WHAT THE EXERCISE ASKS » Retype all of the listing exactly, passing over any picture you find.

GIVEN DATA »
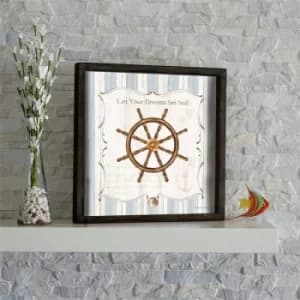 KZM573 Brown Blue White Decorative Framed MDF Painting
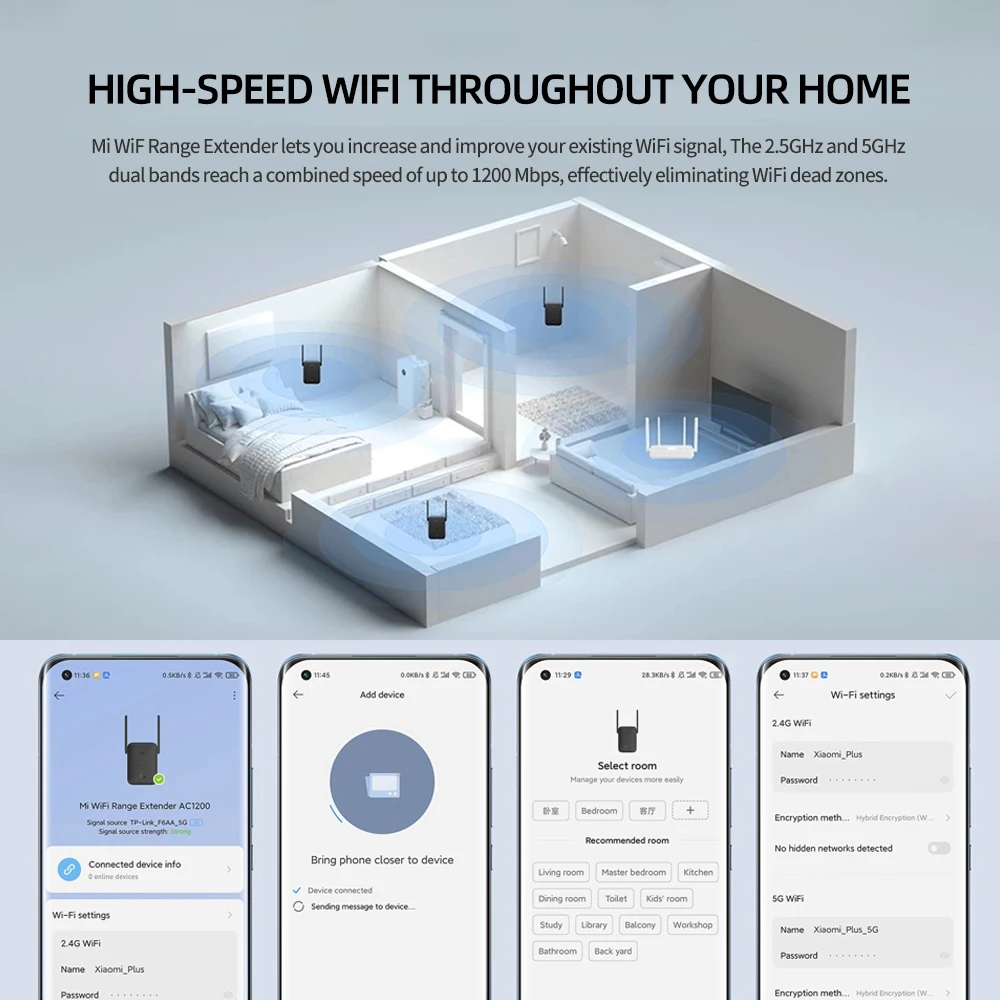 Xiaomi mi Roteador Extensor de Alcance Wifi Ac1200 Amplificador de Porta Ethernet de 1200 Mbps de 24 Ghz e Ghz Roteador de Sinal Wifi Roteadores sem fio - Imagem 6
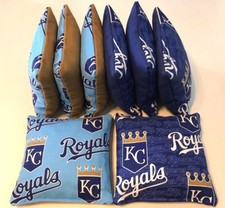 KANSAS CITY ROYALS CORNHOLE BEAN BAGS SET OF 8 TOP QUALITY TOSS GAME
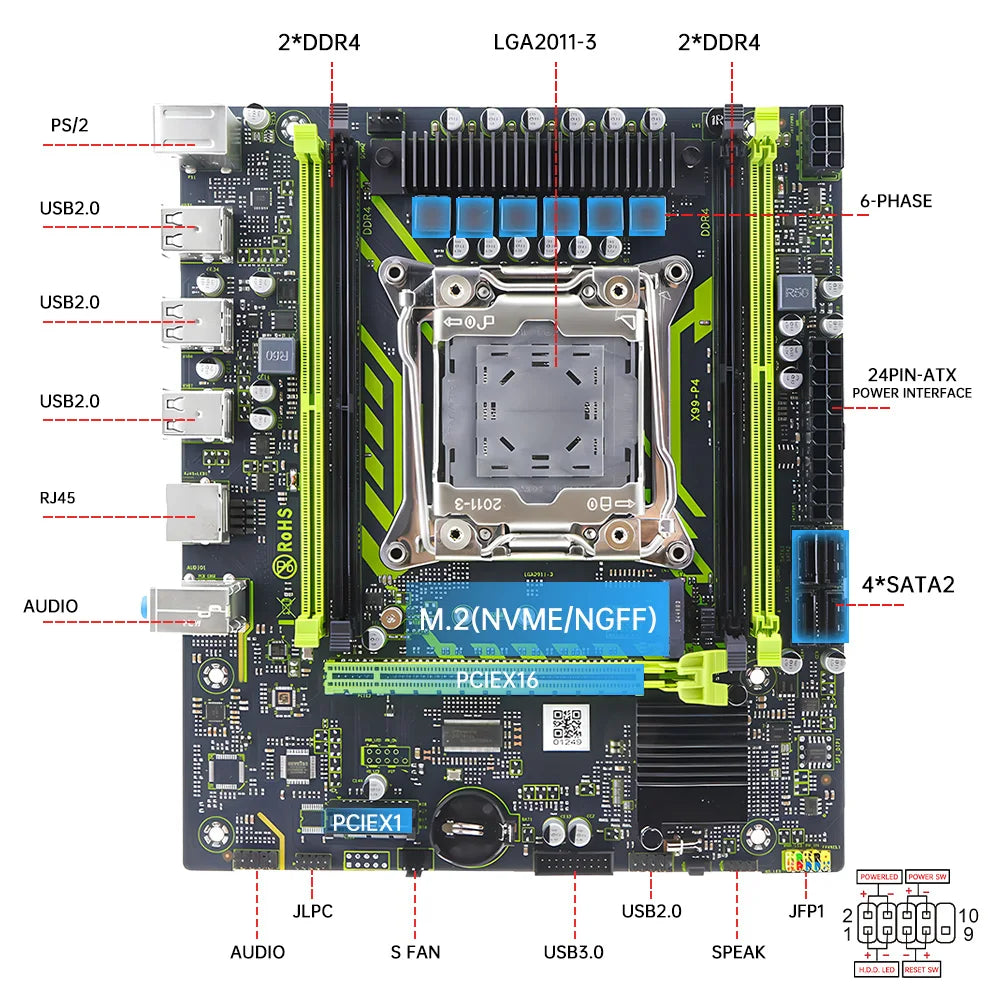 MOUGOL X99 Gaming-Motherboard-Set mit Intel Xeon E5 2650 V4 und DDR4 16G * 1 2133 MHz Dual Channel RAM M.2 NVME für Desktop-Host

COMPLETED EXERCISE »
 KZM573 Brown Blue White Decorative Framed MDF Painting
 Xiaomi mi Roteador Extensor de Alcance Wifi Ac1200 Amplificador de Porta Ethernet de 1200 Mbps de 24 Ghz e Ghz Roteador de Sinal Wifi Roteadores sem fio - Imagem 6
 KANSAS CITY ROYALS CORNHOLE BEAN BAGS SET OF 8 TOP QUALITY TOSS GAME
 MOUGOL X99 Gaming-Motherboard-Set mit Intel Xeon E5 2650 V4 und DDR4 16G * 1 2133 MHz Dual Channel RAM M.2 NVME für Desktop-Host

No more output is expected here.